Re: [PATCH 0/2] Sparse checkout status

Elijah Newren <newren@xxxxxxxxx> · Wed, 17 Jun 2020 09:48:22 -0700

Hi Son,

Thanks for the feedback.

On Wed, Jun 17, 2020 at 12:40 AM Son Luong Ngoc <sluongng@xxxxxxxxx> wrote:
>
> Hi Elijah,
>
> > Some of the feedback of folks trying out sparse-checkouts at $dayjob is that
> > sparse checkouts can sometimes be disorienting; users can forget that they
> > had a sparse-checkout and then wonder where files went.
>
> I agree with this observation: that the current 'git sparse-checkout' experience
> could be a bit 'lost' for end users, who may or may not be familiar
> with git's 'arcane magic'.
>
> Currently the only way to verify what's going on is to either run
> 'tree <repo-root-dir>'
> or 'cat .git/info/sparse-checkout' (human-readable but not easy).
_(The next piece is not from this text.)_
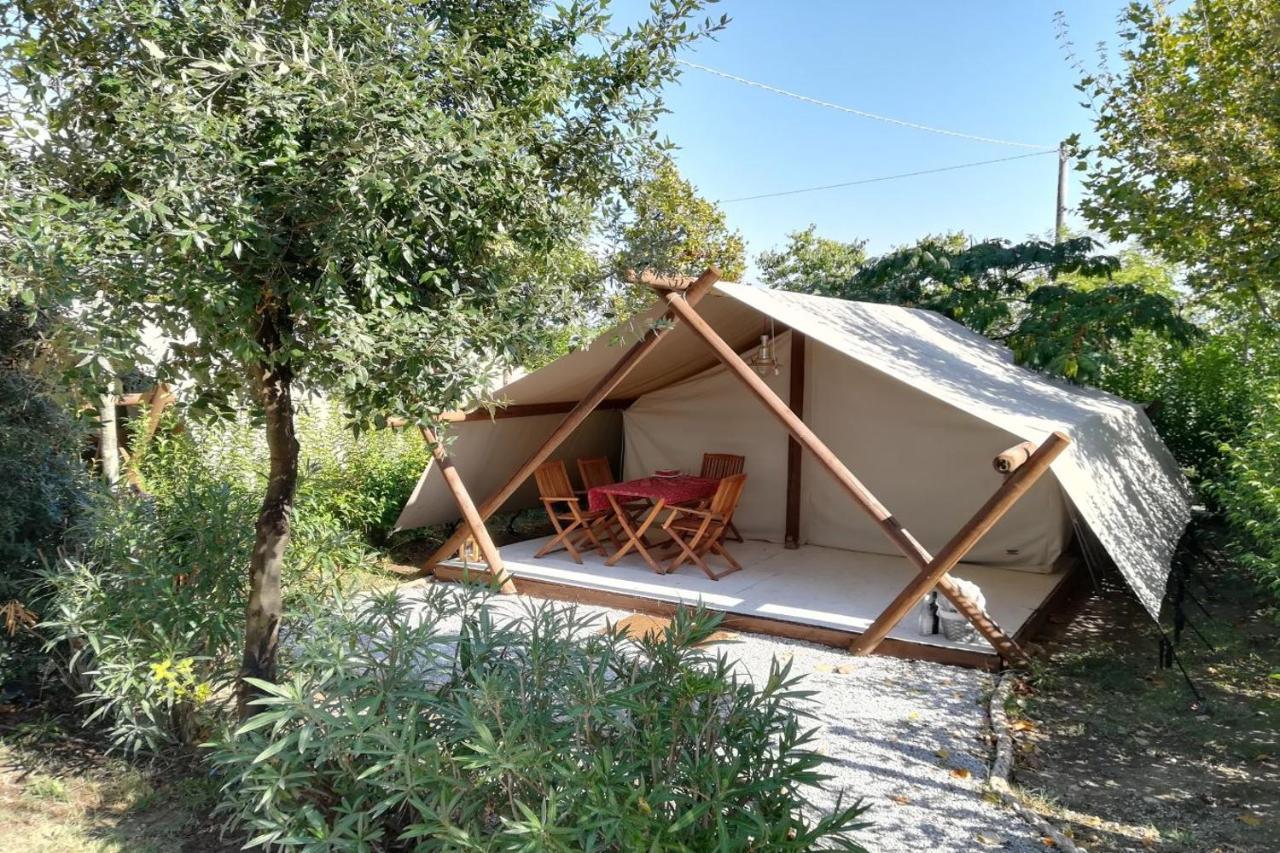 Camping Glamping Agricampeggio Tognoni La Sdriscia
Well, there is `git sparse-checkout list`, assuming users know they
are in a sparse-checkout, but the whole point of my suggested change
is that they sometimes don't.

> > This series adds some output to 'git status' and modifies git-prompt slightly as an attempt
> > to help.
>
> This is a great idea but I suggest to put a config/flag to let users
> enable/disable this.
>
> Git status is often utilized in automated commands (IDE, shell prompt,
> etc...) and there may be
> performance implications down the line not being able to skip this bit
> of information out.

This surprises me; I considered performance while writing it and kept
it simple on that basis.  In particular:
  * This does not cause any reading or writing of any extra files; it
is done solely with information that is already loaded.
  * If users aren't in a sparse-checkout, their performance overhead
is a single if-check, which I doubt anyone can measure.
  * If they are in a sparse-checkout, then they'd get one extra loop
over files in the index to check the SKIP_WORKTREE bit.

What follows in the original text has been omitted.